_PROBLEM TO WORK ON_
In the records below, find the line with "Noticias de los", then retype it and every following line exactly, stopping after the line with "- White/Silver Vegan". Leave the pictures out.

_INPUT RECORDS_

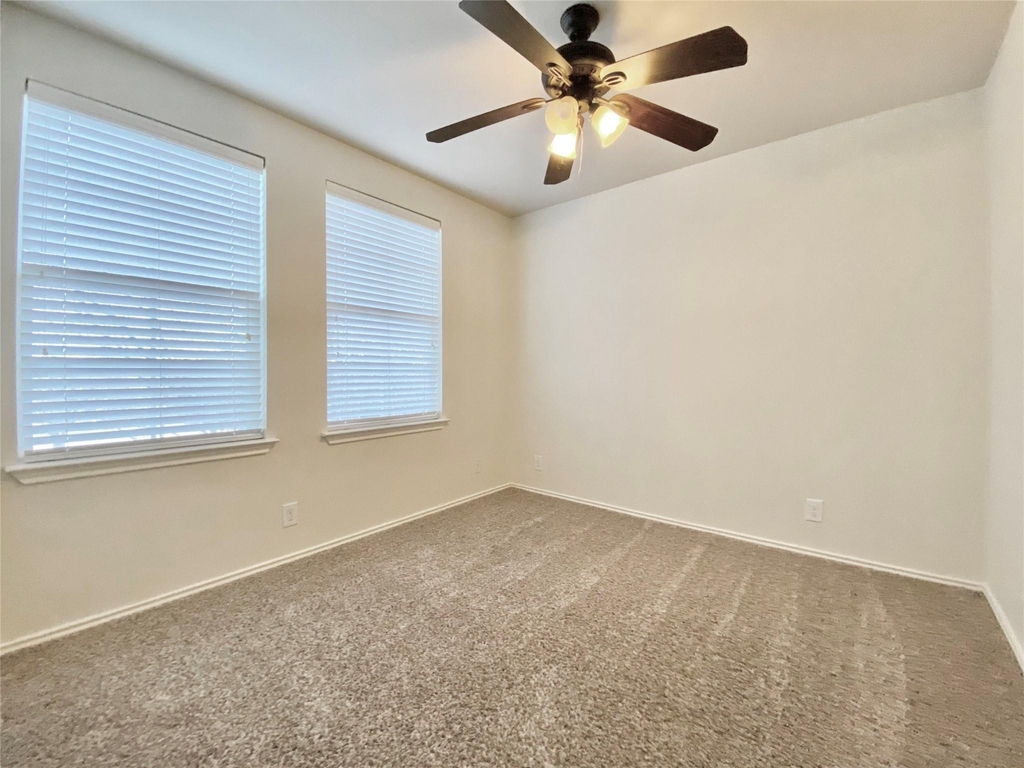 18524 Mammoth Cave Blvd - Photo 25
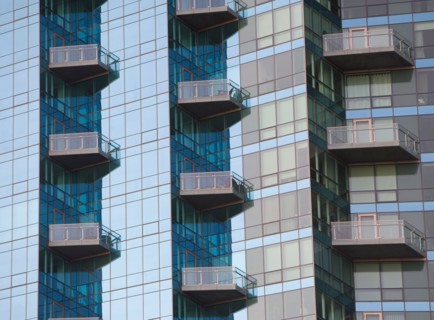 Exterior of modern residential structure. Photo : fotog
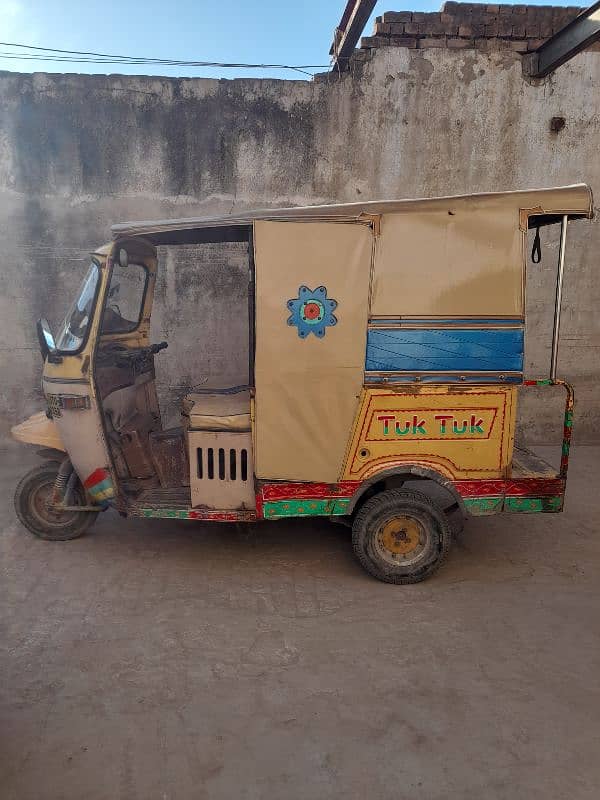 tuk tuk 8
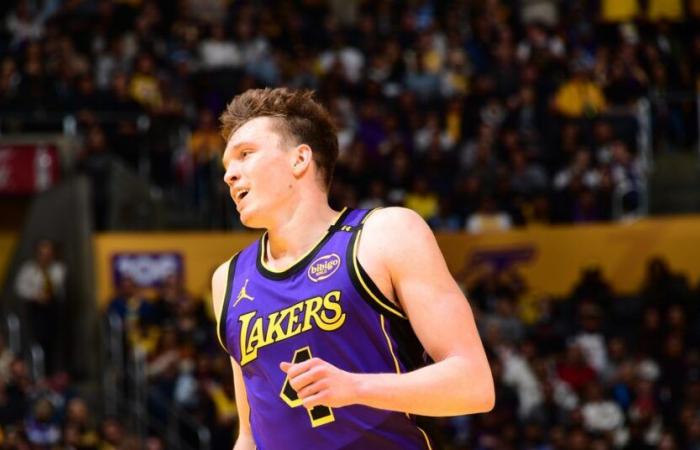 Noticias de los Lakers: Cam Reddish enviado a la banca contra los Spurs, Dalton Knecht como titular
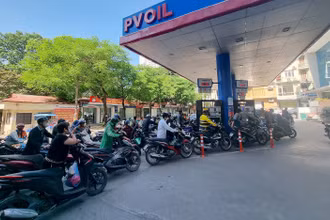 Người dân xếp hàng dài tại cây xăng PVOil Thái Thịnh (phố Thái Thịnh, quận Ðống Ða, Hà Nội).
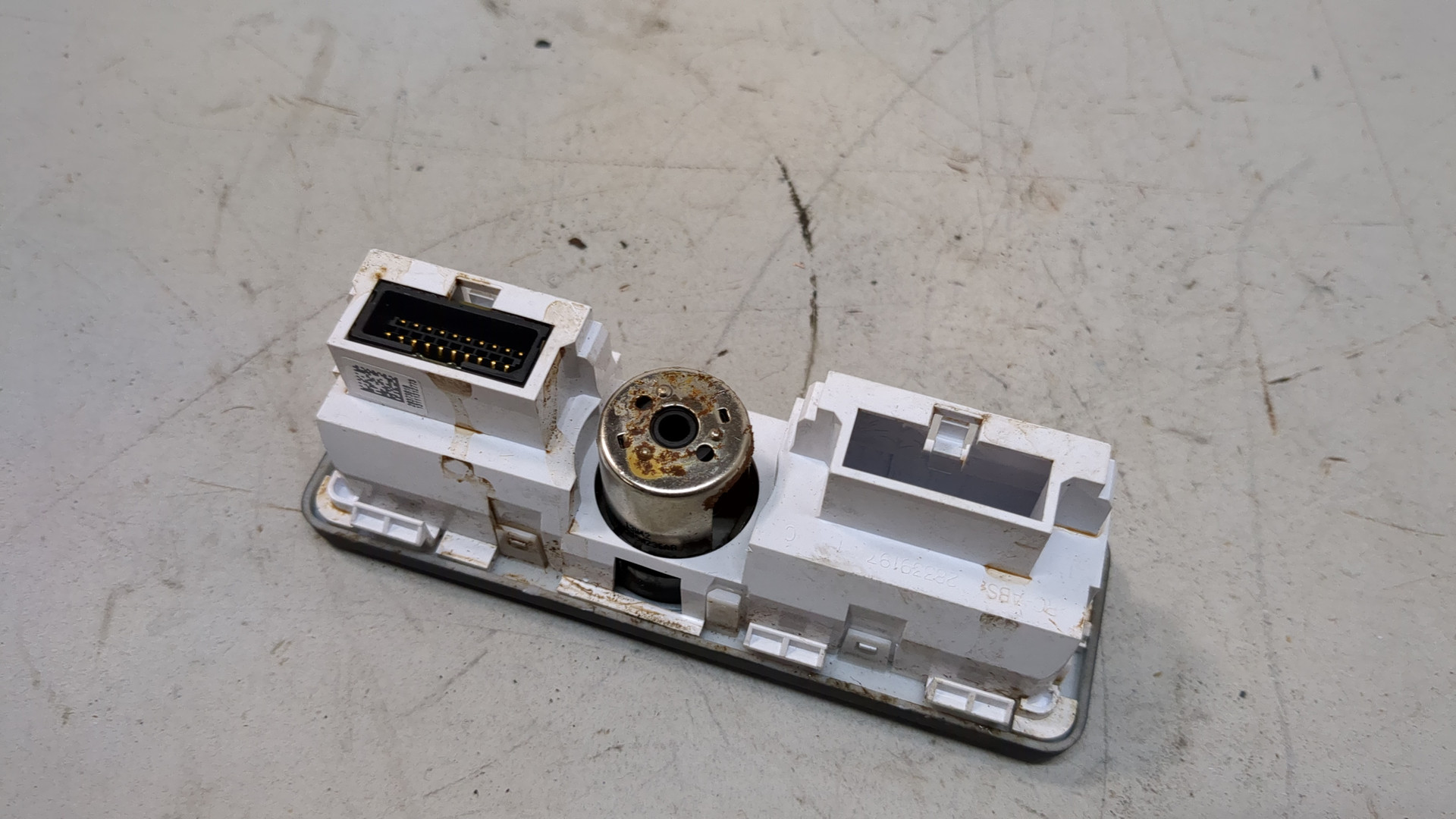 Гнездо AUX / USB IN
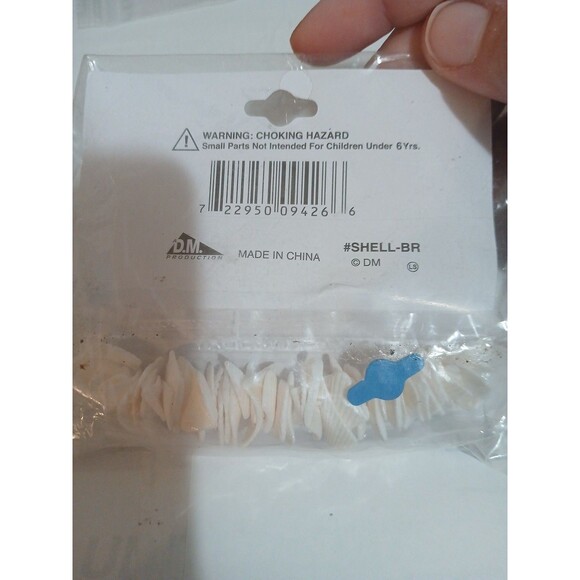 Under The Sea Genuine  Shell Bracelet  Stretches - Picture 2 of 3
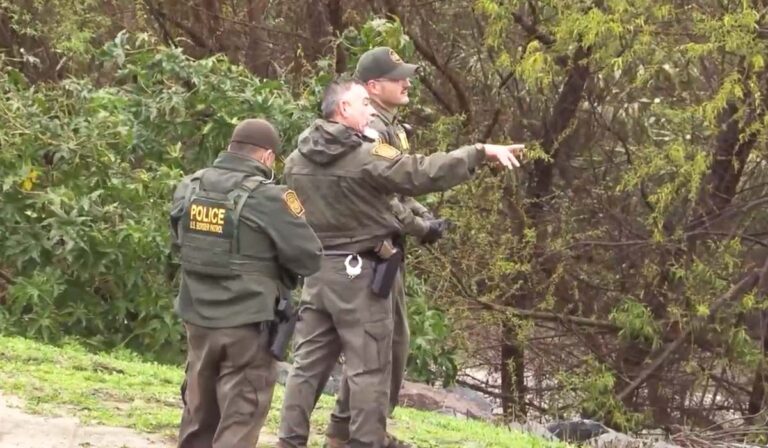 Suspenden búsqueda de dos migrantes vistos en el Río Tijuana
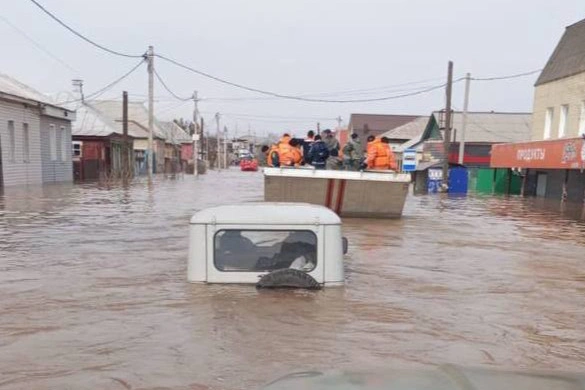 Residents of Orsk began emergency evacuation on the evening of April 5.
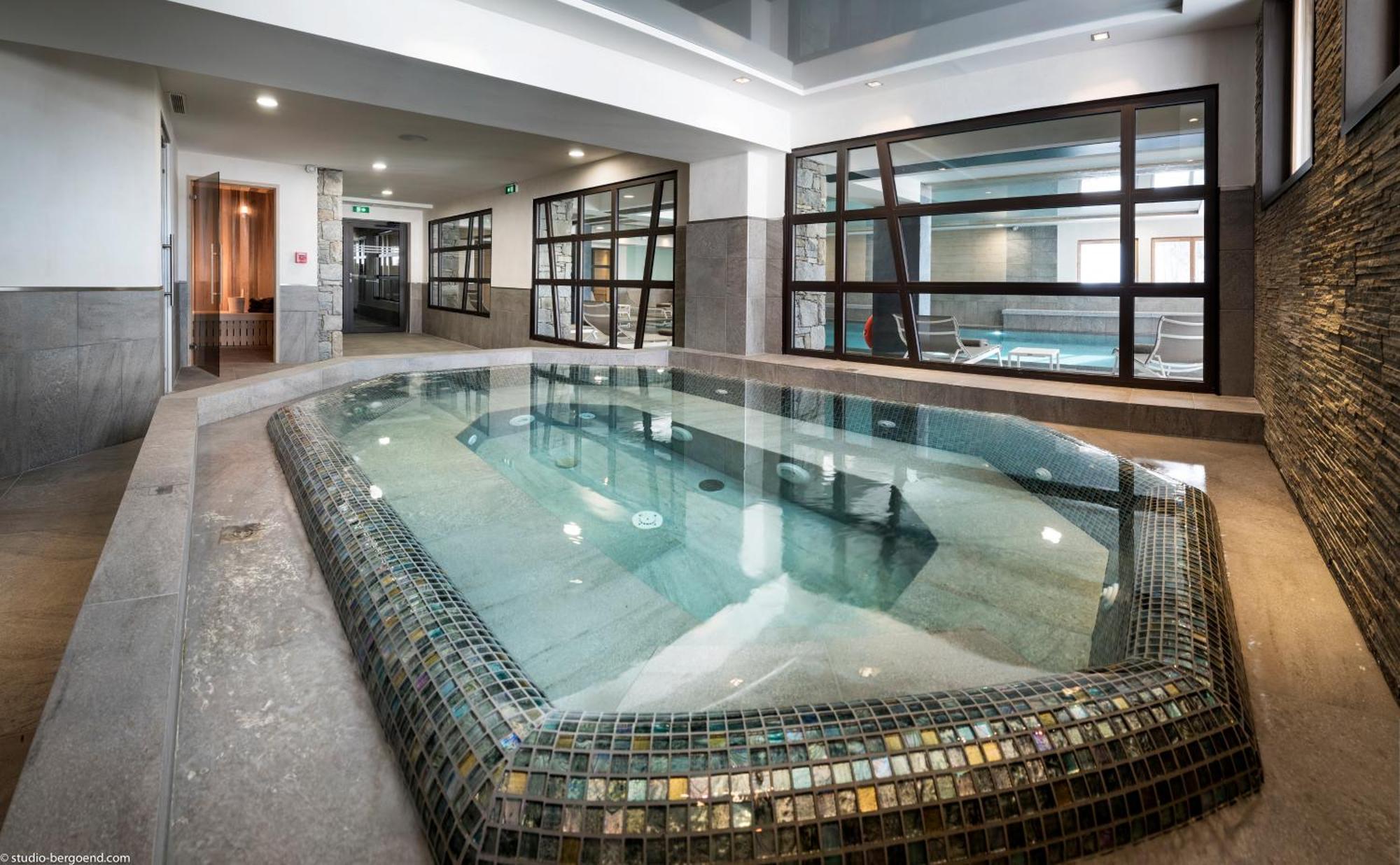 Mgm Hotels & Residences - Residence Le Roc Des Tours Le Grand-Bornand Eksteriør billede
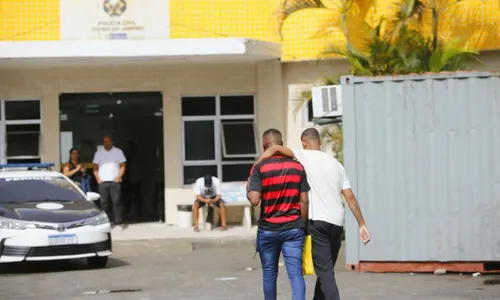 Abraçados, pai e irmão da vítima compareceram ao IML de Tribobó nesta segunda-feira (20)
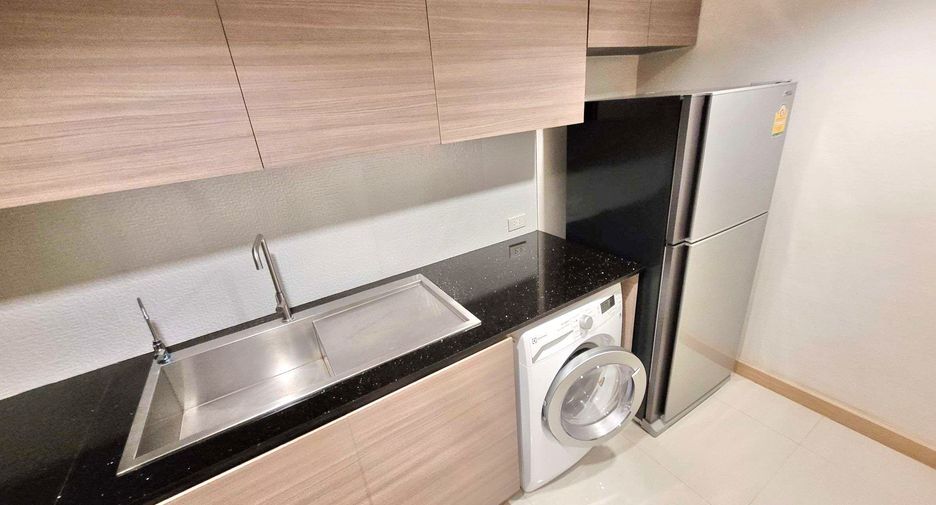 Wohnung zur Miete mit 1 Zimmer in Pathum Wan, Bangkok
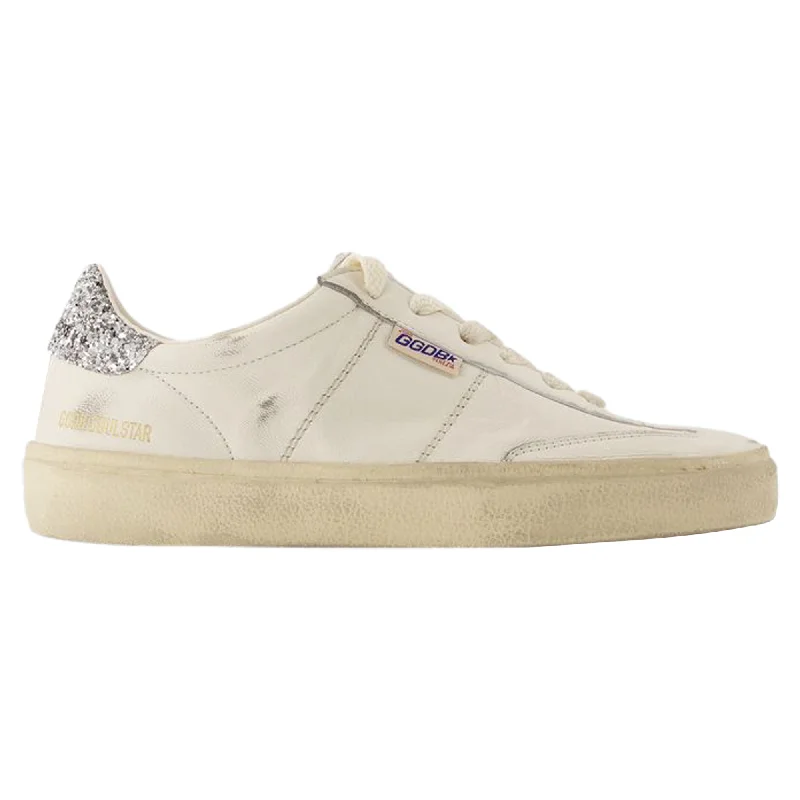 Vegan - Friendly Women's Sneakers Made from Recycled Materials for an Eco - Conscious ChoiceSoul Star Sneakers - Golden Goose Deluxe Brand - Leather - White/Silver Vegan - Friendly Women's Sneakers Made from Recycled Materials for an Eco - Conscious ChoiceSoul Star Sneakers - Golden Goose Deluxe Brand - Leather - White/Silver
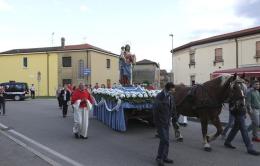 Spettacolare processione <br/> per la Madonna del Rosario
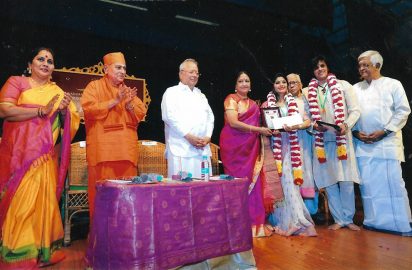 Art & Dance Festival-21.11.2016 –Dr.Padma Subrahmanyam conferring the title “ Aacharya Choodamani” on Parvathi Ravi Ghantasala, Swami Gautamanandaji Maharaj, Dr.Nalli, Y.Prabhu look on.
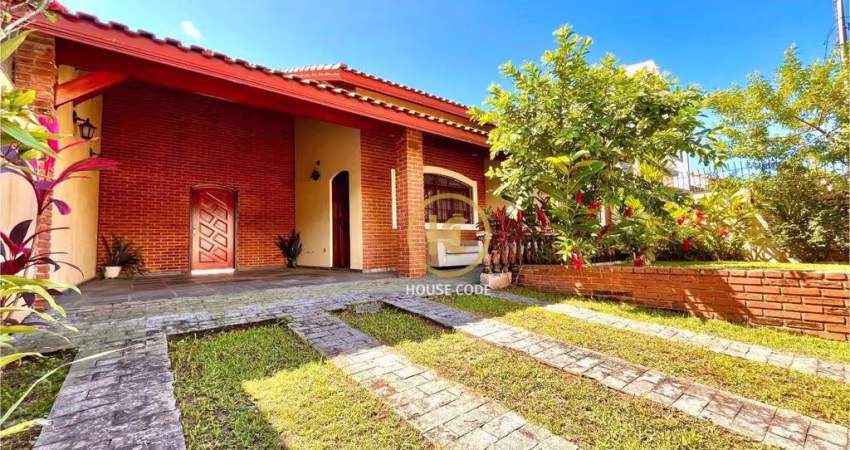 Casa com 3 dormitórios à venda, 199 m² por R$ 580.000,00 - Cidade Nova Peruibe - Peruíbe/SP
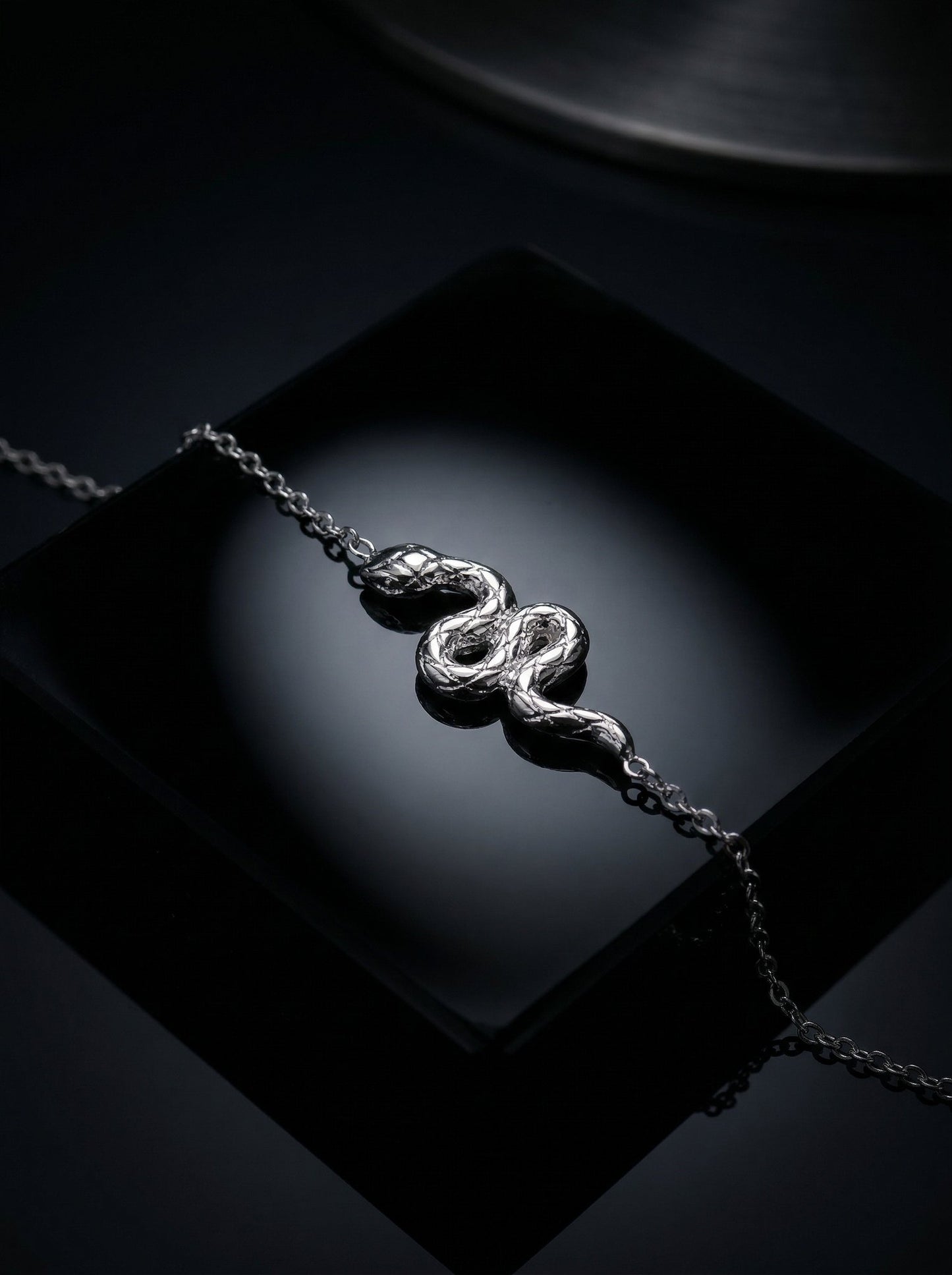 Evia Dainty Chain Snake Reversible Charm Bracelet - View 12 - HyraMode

_RESULT FOR THIS TASK_
 Noticias de los Lakers: Cam Reddish enviado a la banca contra los Spurs, Dalton Knecht como titular
 Người dân xếp hàng dài tại cây xăng PVOil Thái Thịnh (phố Thái Thịnh, quận Ðống Ða, Hà Nội).
 Гнездо AUX / USB IN
 Under The Sea Genuine  Shell Bracelet  Stretches - Picture 2 of 3
 Suspenden búsqueda de dos migrantes vistos en el Río Tijuana
 Residents of Orsk began emergency evacuation on the evening of April 5.
 Mgm Hotels & Residences - Residence Le Roc Des Tours Le Grand-Bornand Eksteriør billede
 Abraçados, pai e irmão da vítima compareceram ao IML de Tribobó nesta segunda-feira (20)
 Wohnung zur Miete mit 1 Zimmer in Pathum Wan, Bangkok
 Vegan - Friendly Women's Sneakers Made from Recycled Materials for an Eco - Conscious ChoiceSoul Star Sneakers - Golden Goose Deluxe Brand - Leather - White/Silver Vegan - Friendly Women's Sneakers Made from Recycled Materials for an Eco - Conscious ChoiceSoul Star Sneakers - Golden Goose Deluxe Brand - Leather - White/Silver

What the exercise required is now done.